I’d like to share with you some considerations about maintenance mode. From a design point of view maintenance mode is a great feature: I can suspend monitoring of single objects or objects groups. So I can suspend a single computer as well as my distributed app down to that single database instance. OK, the UI lacks the ability of schedule maintenance mode, but there are plenty of powershell scripts out there that can help you with this. So we though it could have been a good idea to schedule maintenance mode to adhere to defined maintenance windows for our systems. It’s only when we started to use maintenance mode that the nasty side (immo) came out.
The net result of maintenance mode is: performance hit and closed alerts that should not.
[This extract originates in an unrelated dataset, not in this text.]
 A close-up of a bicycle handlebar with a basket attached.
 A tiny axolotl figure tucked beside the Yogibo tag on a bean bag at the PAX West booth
The alert closing behavior is the issue that pushed us to get rid of scheduled maintenance in favor of custom scripts to suppress alerts generated during maintenance windows.
What happens? When a managed entity is put into maintenance mode all its monitors status are changed to “Unmonitored”. The state change is used to track availability vs maintenance vs unavailability periods. When the maintenance window comes to an end all the monitors are reset, for monitors with On Demand Detections these are run to check the monitor status, for monitors without On Demand Detections they are reset to “green”.
So when we wake up form maintenance we have un status change from unknown to “true” status for monitor with on demand detections and to green for monitors without. This status change hits the RMS and then the DB. Old open alerts are closed when needed new alerts are opened.
Fig 1. alerts closed and then reopened after maintenance window.
But that’s not all, monitors without On Demand Detections are turned green and then recalculated, this means some of them will remain green but probably some of them will turn to red or yellow (state change once again).
Fig 2. Typical behavior of a monitor with on demand detections. Red – Unknown – Red
Fig 3. Typical behavior for a monitor without on demand detections. Red – Unknown – Green – Red
When monitors with “auto resolve alert” are reset (after maintenance mode) all the open alerts get closed with their associated properties you may have changed (i.e. resolution status, trouble ticket id, custom properties, …), for monitors still in troubles a brand new alert gets opened. This caused a lot of confusion for our support people and pushed us away from scheduled maintenance.
In the next few weeks I’ll check if maintenance mode behavior is changed with R2.